Only the ko's were sold, I am keeping these D's!


----------



## baggedout81

Funny part is The topic starter Shibby went w/ Z's painted and engraved.There dope as chit


----------



## lone star

> _Originally posted by hoppin62_@Jun 22 2010, 06:11 PM~17859423
> *Today was a good day! Found some brand new Daytons, pre-stamped 72's 13x7 that have been in somones closet since 1995! All stamped 225C. The ko's are for sale, check my topic.
> 
> 
> 
> 
> 
> 
> 
> 
> 
> 
> 
> 
> 
> 
> 
> 
> 
> *


man seriously. i dont know if i would put those on a car. those cannot be replaced. man thats a hell of a find.


----------



## hoppin62

> _Originally posted by lone star_@Aug 13 2010, 04:58 PM~18304565
> *man seriously. i dont know if i would put those on a car. those cannot be replaced.  man thats a hell of a find.
> *


Maybe by the time my car is done, they will be classics!
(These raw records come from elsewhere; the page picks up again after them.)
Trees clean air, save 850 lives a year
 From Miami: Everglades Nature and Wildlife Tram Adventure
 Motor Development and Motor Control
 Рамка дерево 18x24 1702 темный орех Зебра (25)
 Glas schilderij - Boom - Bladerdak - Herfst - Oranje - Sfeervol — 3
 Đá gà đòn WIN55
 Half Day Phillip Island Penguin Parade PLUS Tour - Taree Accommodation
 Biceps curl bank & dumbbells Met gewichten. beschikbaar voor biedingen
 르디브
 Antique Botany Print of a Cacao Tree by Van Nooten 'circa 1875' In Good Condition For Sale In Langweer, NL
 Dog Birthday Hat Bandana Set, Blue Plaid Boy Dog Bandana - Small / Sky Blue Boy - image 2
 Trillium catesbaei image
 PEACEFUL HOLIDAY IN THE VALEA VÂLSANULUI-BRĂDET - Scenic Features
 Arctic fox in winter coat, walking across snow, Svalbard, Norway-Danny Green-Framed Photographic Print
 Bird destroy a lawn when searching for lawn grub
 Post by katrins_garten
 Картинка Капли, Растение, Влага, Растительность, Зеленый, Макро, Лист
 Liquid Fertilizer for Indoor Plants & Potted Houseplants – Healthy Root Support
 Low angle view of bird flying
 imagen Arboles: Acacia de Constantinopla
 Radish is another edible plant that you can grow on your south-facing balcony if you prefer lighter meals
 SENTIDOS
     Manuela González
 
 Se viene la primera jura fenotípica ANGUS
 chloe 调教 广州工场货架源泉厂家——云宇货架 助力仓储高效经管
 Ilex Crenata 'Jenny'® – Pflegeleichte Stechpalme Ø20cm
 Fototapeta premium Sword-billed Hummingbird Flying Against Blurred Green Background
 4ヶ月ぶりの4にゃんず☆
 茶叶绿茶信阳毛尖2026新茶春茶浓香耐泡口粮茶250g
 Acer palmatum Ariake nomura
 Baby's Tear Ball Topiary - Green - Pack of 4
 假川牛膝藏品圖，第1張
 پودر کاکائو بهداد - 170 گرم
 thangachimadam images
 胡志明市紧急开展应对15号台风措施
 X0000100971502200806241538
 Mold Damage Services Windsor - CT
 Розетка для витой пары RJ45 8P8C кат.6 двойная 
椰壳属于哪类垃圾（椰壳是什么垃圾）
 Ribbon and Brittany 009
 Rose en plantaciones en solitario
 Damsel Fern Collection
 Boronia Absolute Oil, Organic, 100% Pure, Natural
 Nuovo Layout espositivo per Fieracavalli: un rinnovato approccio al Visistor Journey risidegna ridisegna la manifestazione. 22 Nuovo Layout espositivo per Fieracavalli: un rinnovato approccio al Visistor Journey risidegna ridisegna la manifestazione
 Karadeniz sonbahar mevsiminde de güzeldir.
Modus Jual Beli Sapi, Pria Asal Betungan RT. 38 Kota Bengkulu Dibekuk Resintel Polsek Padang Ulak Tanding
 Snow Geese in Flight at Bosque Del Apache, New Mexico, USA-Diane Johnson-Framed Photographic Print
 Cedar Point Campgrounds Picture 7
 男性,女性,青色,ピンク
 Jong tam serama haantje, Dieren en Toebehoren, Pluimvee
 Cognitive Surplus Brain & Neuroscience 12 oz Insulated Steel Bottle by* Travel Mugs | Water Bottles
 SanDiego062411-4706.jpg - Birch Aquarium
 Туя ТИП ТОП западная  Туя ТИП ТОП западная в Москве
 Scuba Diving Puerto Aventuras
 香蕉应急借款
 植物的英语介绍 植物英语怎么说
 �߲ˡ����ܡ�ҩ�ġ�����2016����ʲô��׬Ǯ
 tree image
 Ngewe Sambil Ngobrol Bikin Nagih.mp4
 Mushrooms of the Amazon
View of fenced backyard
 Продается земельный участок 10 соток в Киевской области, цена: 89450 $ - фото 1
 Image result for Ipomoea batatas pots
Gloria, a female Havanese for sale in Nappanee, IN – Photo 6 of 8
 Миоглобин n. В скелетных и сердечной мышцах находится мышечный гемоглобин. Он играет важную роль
Lol! :biggrin:


----------



## HUSTLE_HARDER_63

> _Originally posted by 81.7.TX._@Aug 13 2010, 12:23 PM~18302384
> *Im gonna buy Daytons cause it seems to always be the buyers fault or the tire shop that mounted the tires when there is a problem with Zs!!
> *


yeah ask dude from san jose what really happened to the wheels 
then ask the guy from canada he told me his has been mounting tires for ever buy when they checked it it was the valve stem 

funny how when our tire guy mounts the tires they dont leak

now im not saying we havent messed up cause yes we have and so has dayton 

call dayton and tell them you bought your wheels last year and now its leaking and see what they tell you


----------



## APACHERX3

DAYTON ON MINES!!!!!!!!!!!!!!!!!!!!!!!1


----------



## menace59




----------



## touchdowntodd

SELL ME THOSE 72S!!!!!!!!!!!!!!!!!!!!!!!!!


----------



## DanielDucati

> _Originally posted by 81.7.TX._@Aug 13 2010, 12:23 PM~18302384
> *Im gonna buy Daytons cause it seems to always be the buyers fault or the tire shop that mounted the tires when there is a problem with Zs!!
> *


Dayton Wire Wheel will not repair the seal for free,I bought a brand new set of 13x7-72 spoke Dayton's back Jan'08 and one of them fuckers leaked from 1 of the spokes when I barely got the tire mounted,keep in mind they were brand new not used,when I called Dayton and talked to Gary(Which he is cool as ice water over there) told me what was under warrenty and what wasn't,and I had to pay for the shipping and for it to be repaired thru them but they would do it.....At the time I was kind of pissed off but you figure its gonna cost way more to ship and pay for repairs thru them than just doing it yourself(resealing)...Sometime's I Wish I would of went with Zenith and had JD build me them 60 spokes I had a hard on for.... :biggrin:


----------



## menace59

> _Originally posted by menace59_@Aug 14 2010, 12:38 PM~18308736
> *
> *



by the way I also like Zenith's. I just had a set 2 months ago. I jumped on the Dayton sale because I wanted to have both. :biggrin:


----------



## Ragtop Ted

> _Originally posted by menace59_@Aug 14 2010, 12:38 PM~18308736
> *
> *


Nice , really like the ko's.


----------



## 81.7.TX.

> _Originally posted by HUSTLE_HARDER_63_@Aug 13 2010, 08:43 PM~18304775
> *yeah ask dude from san jose what really happened to the wheels
> then ask the guy from canada he told me his has been mounting tires for ever buy when they checked it it was the valve stem
> 
> funny how when our tire guy mounts the tires they dont leak
> 
> now im not saying we havent messed up cause yes we have and so has dayton
> 
> call dayton and tell them you bought your wheels last year and now its leaking and see what they tell you  *


Its the way you come off when someone says they have a problem with your rims! :uh: RUDE, DISRESPECTFUL, NO CUSTOMER SERVICE! (My Opinion from what I see here on LIL)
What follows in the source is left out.